Like a whirpool, it never ends

Turning off the GC-2  onto the GC-160 and a familiar earworm from my student days returns to invade my mind. Yes, that of Vic Reeves and The Wonderstuff’s Dizzy. Especially as I’m on Global’s 117 bus, heading from Las Palmas de Gran Canaria to Moya, and the GC-160 features more bends than Silverstone.

The horn on the bus goes beep, beep, beep

Indeed, so curvaceous is the GC-160, that the driver hits the horn with such regularity. To the extent that the noise mutates into a slice of electronica in its own right. So even if you forget your iPod, you’ll have a soundtrack to wile away the time.
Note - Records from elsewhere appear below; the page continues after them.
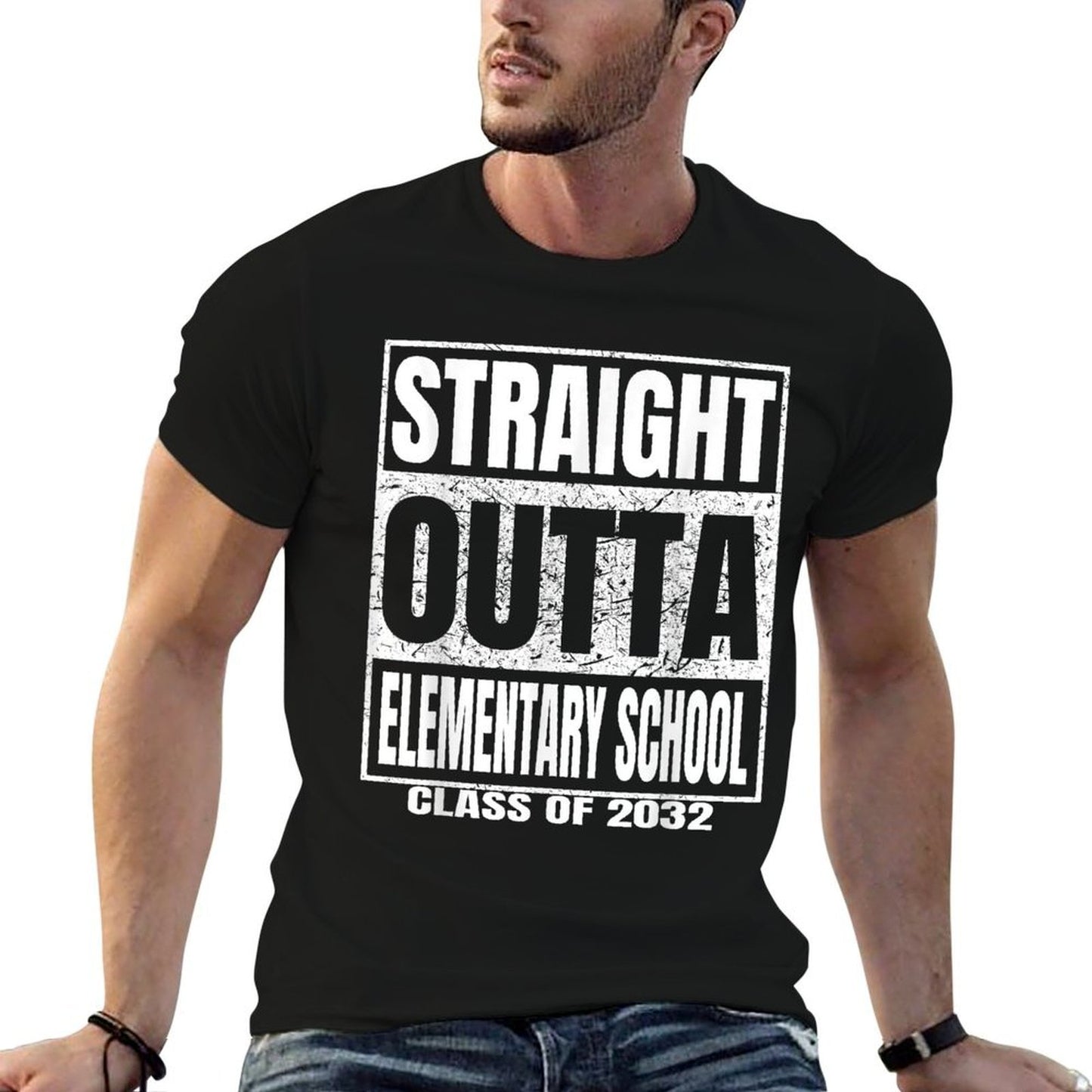 Straight Outta Elementary School Class 2032 Funny Graduation Moisture-wicking T-Shirt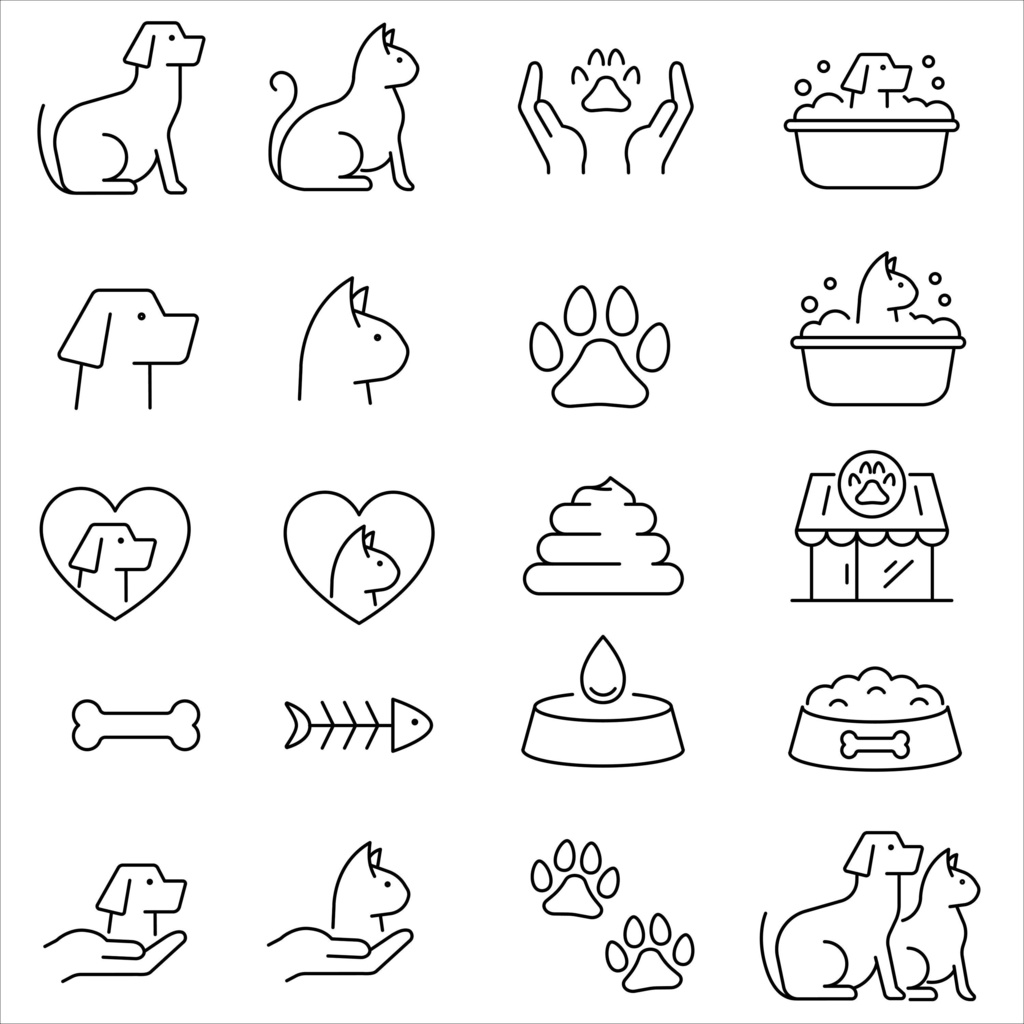 犬と猫の線画アイコンセット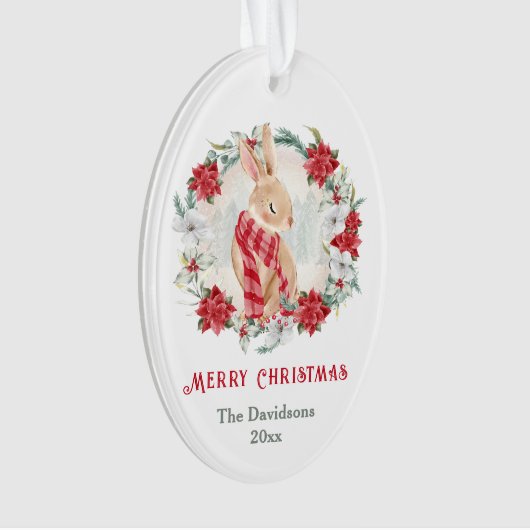 Bunny Poinsettia Watercolor Familienname Weihnacht Ornament (Vorderseite)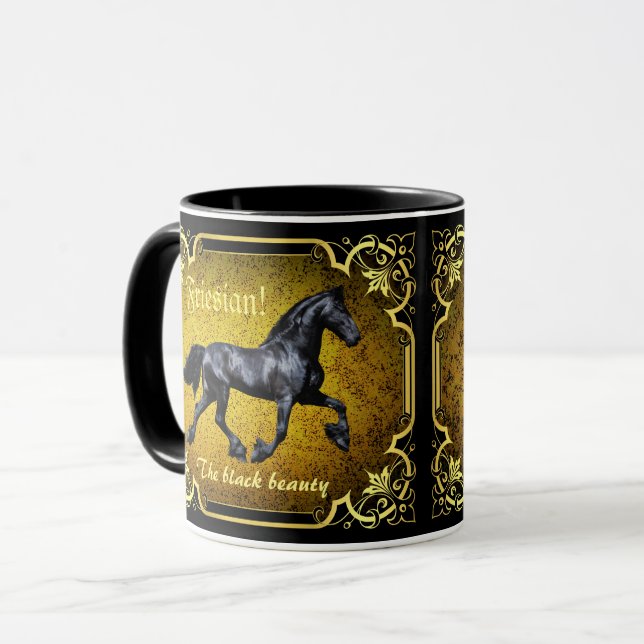 Taza Caballo frisón, silueta, dorado, negro y negro (Anverso izquierdo)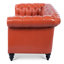 Canapé Chesterfield 84,6 po rembourré en similicuir avec accoudoirs roulés à 3 places et pieds en bois massif-1067982985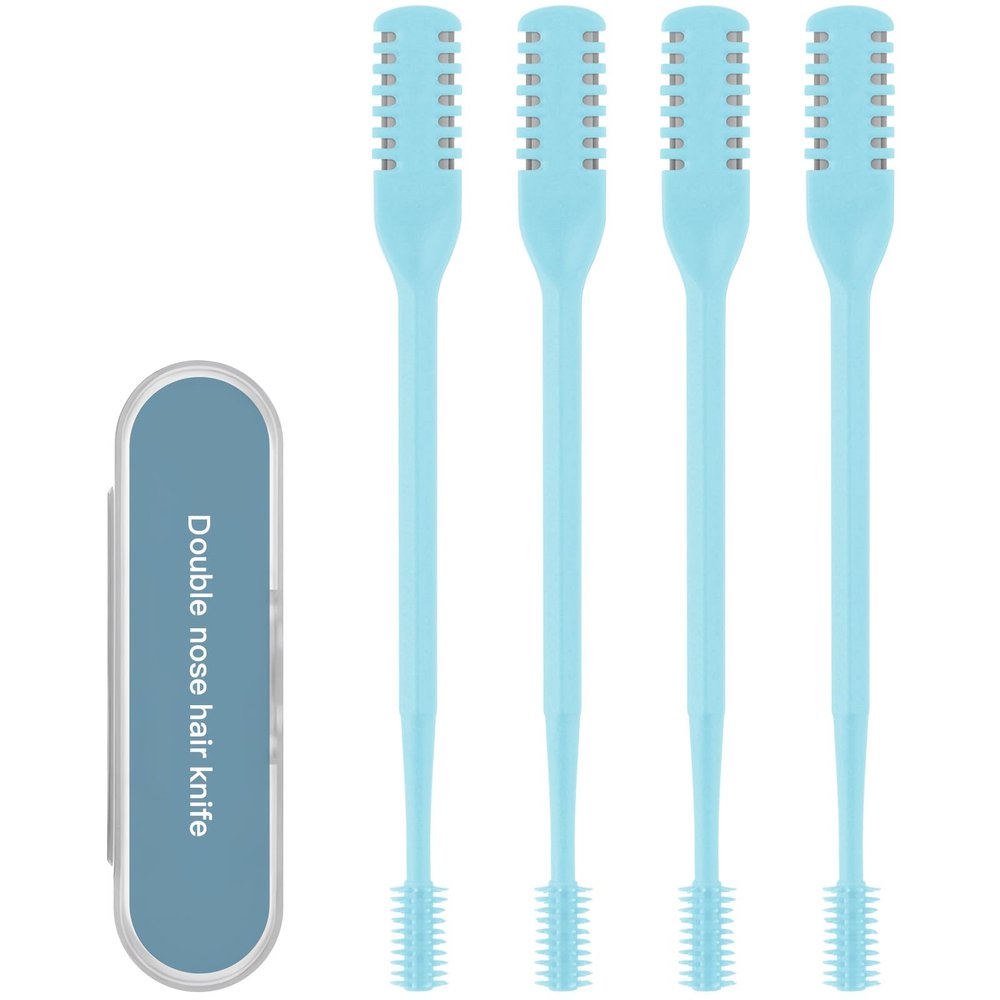Asddage 4Pcs 2-in-1 Nasal Hair Cutter, Double Sided Nose Hair Trimmer, 360 Nostril Hair Remover Tool, Manual Nose Knife with Soft Cleaning Brush for Men Women(Blue)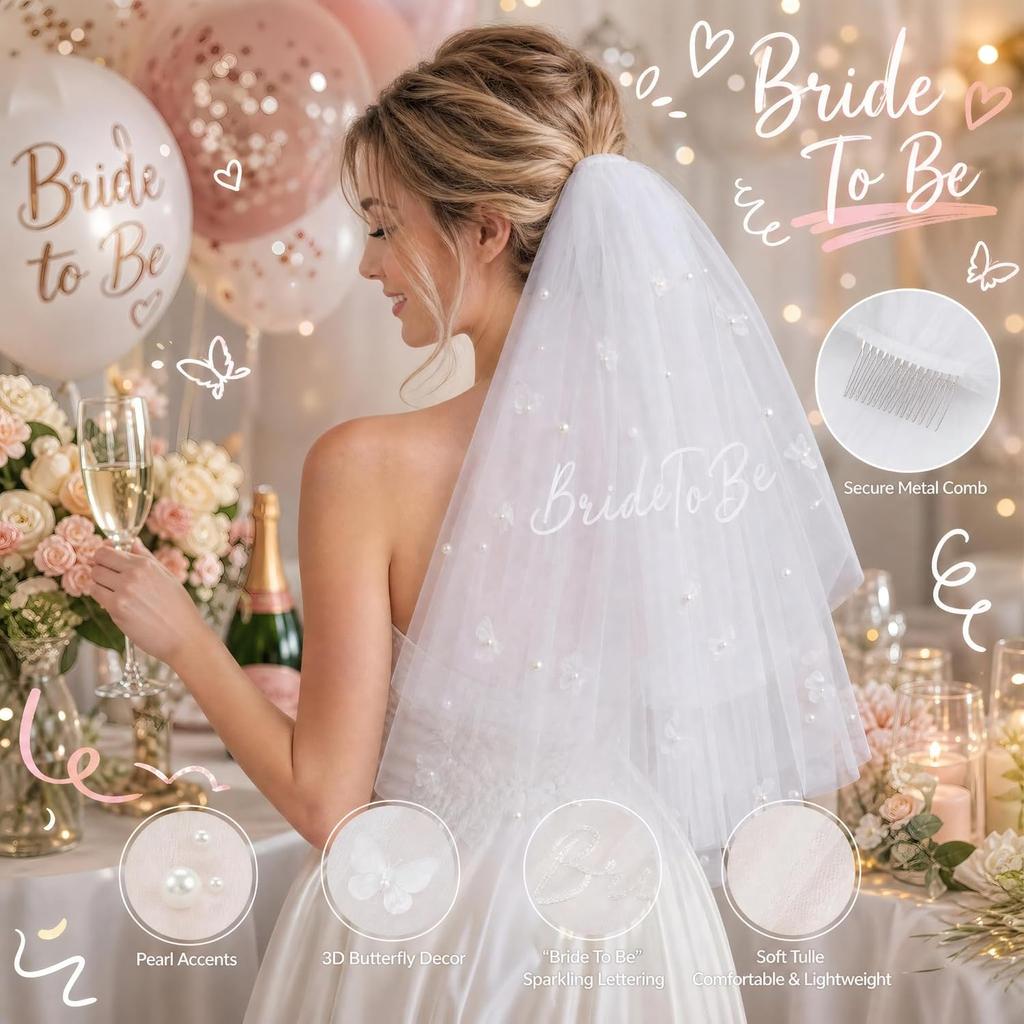White Short Wedding Veil Short Bridal Veils Pearl Bride Veils | Bachelorette Party Veil,Bachelorette Party Accessories Bridal Shower Gifts for Women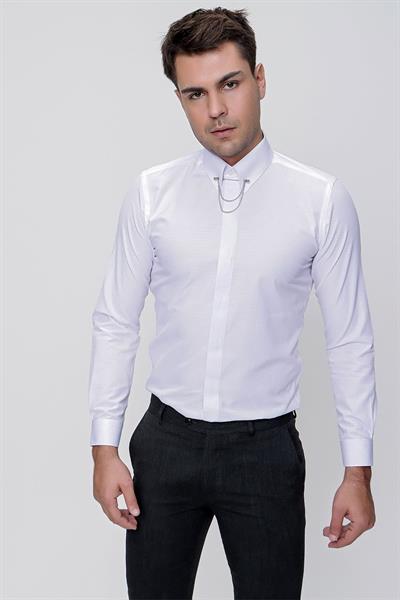 GK 629 Beyaz Klasik Gömlek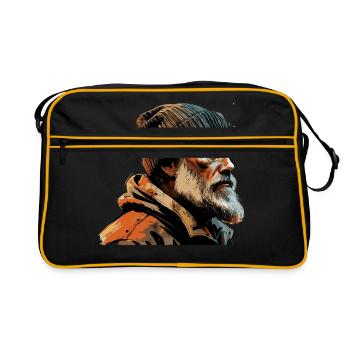 Old Man Captain Hamburg St Pauli Port Worker - Retro Bag - black/gold - Front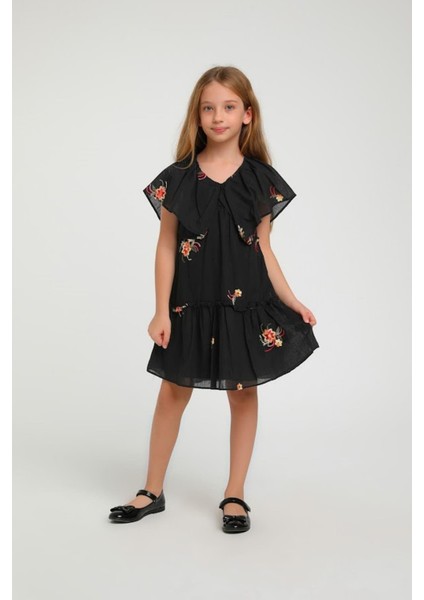 9-14 Yaş Kız Çocuk Çiçekli Siyah Elbise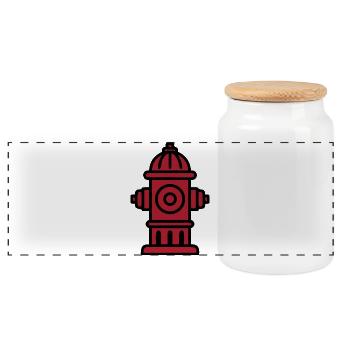 Feuerwehr Hydrant Icon - Panorama Keksdose mit Holzdeckel - Weiß - Vorne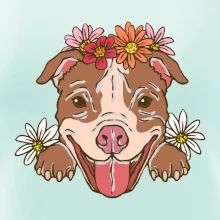 Americký stafordšírsky teriér hlava s kvetinami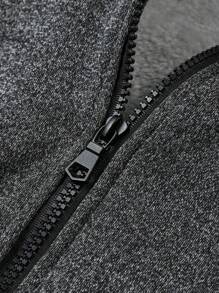 Manfinity Homme Loose Fit Men's Thermal Lined Zip Up Hooded Jacket - Dark Grey - View 4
Satisfying the munchies Moya style

Moya’s famous for its bizcochos and suspiros. Both are cavity creators with the bizcocho a sponge-finger type sweet delight and the suspiro more of a meringue. Many Canarian’s midnight feast of choice is dunking a bizocho in a glass of fresh-from-the-fridge milk. Try it; you will like it.

Ravine mad

Moya’s setting’s amazing. I’ve arranged to meet a local English-speaking teacher Isabel Guillen who’s showing me round town. The views from the stunning-in-its-own-right Iglesia de Nuestra Señora de la Candelaria overlooking the Barranco de Moya (Moya Ravine) will leave you gasping for breath. Other architectural highlights include the traditionally Canarian Casa-Museo Tomás Morales where the poet was born and the Heredad de Aguas (the Water Board), a two-story building made of basalt.

Fit and they know it

As Isabel escorts me back to the bus station, I can’t believe the number of locals we see either setting off on a walk or returning from one. The journey from urban to rural is rapid here and those who live in this northern outpost take advantage of this. So our verdict on Moya? Well worth getting giddy for.